→ **Goal of the exercise**
Reproduce the data exactly and drop any pictures it holds.

→ **Supplied data**
/---

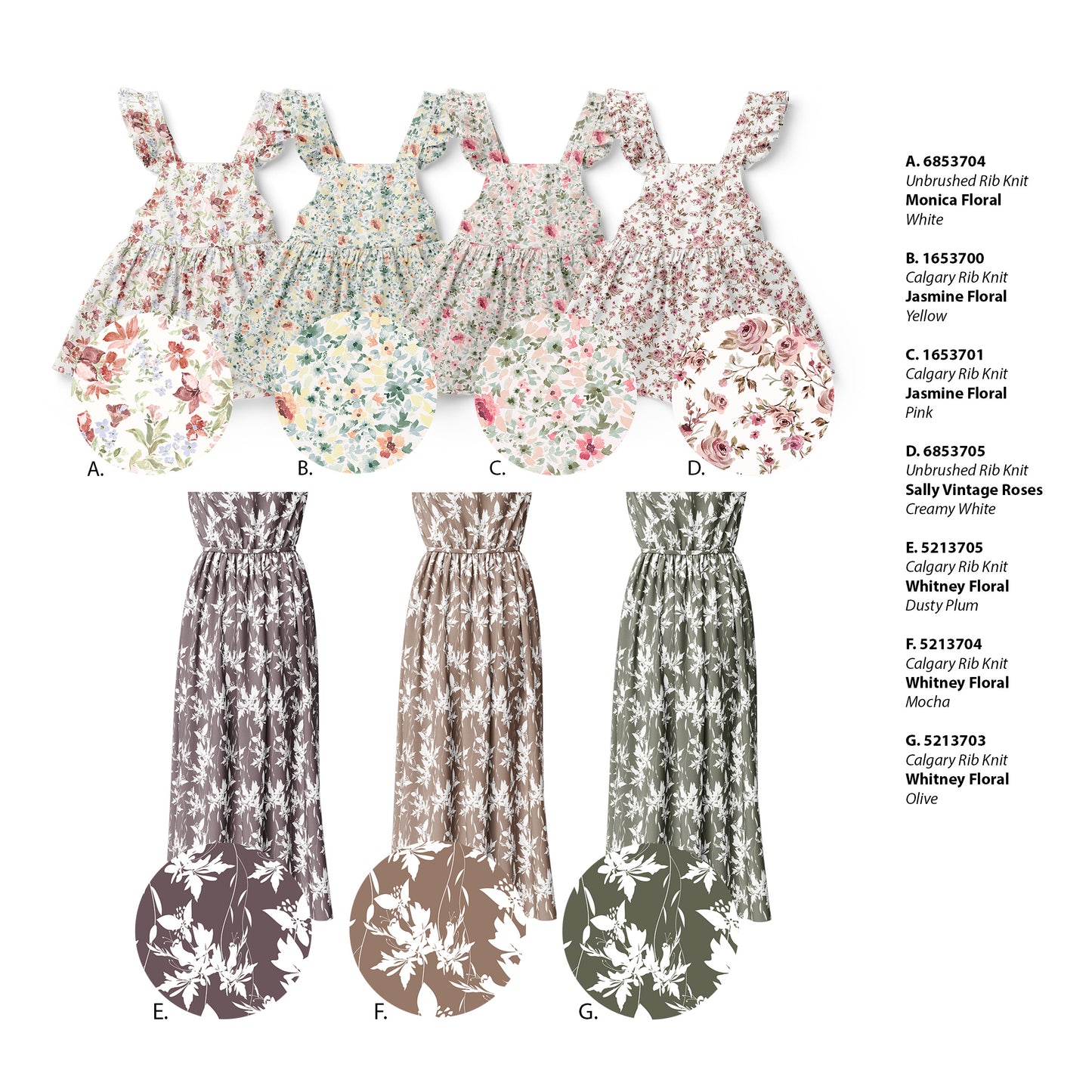 Sally Vintage Roses | Unbrushed Rib Knit Fabric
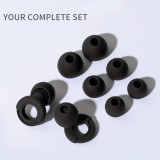 Bouchons d'oreilles loop en silicone (3 tailles d'embout) réutilisables avec étui de rangement - Noir
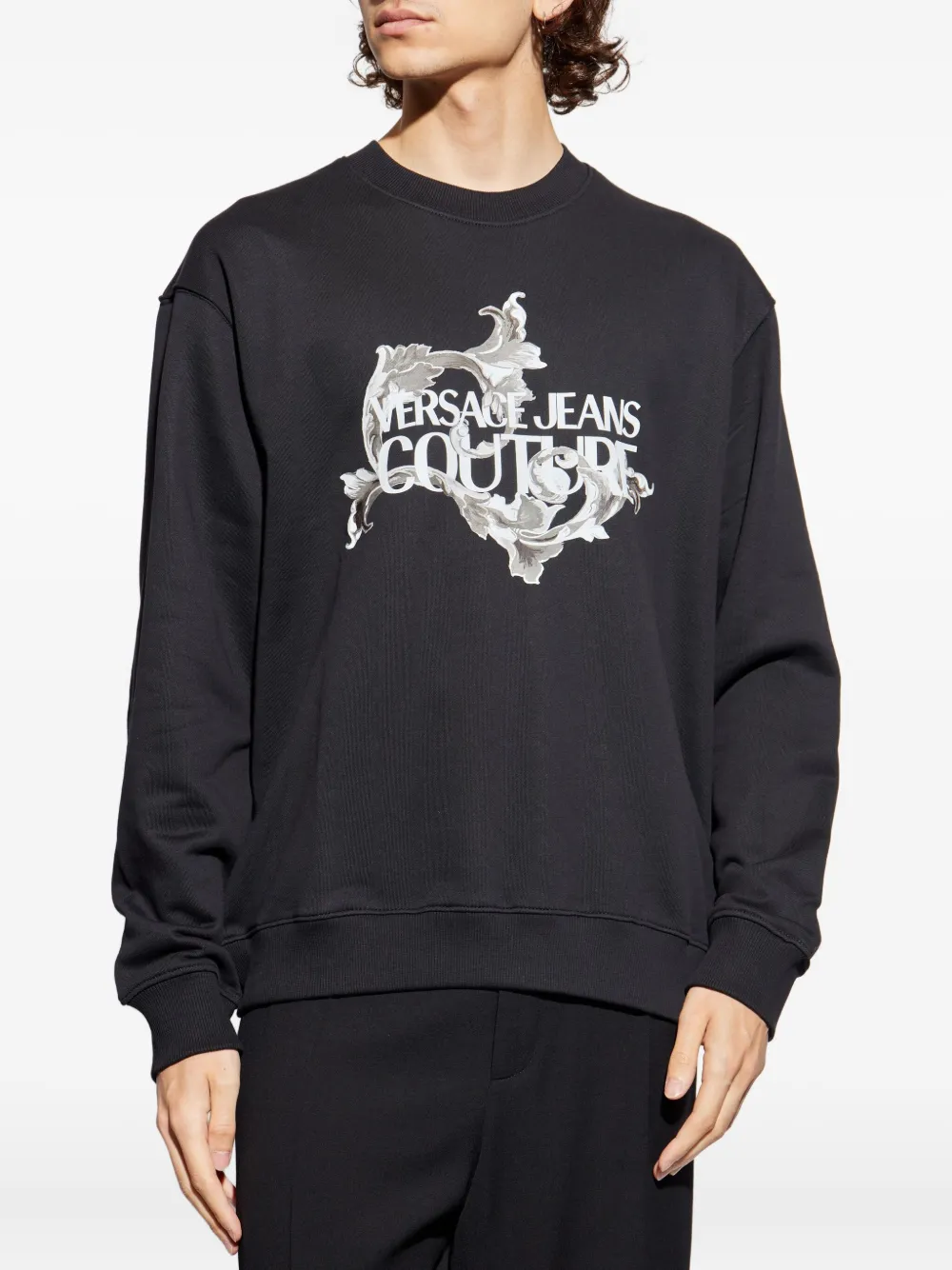 Versace Jeans Couture Sweater met bloemenprint en logoprint Zwart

\---

→ **Solved problem**
 Sally Vintage Roses | Unbrushed Rib Knit Fabric
 Bouchons d'oreilles loop en silicone (3 tailles d'embout) réutilisables avec étui de rangement - Noir
 Versace Jeans Couture Sweater met bloemenprint en logoprint Zwart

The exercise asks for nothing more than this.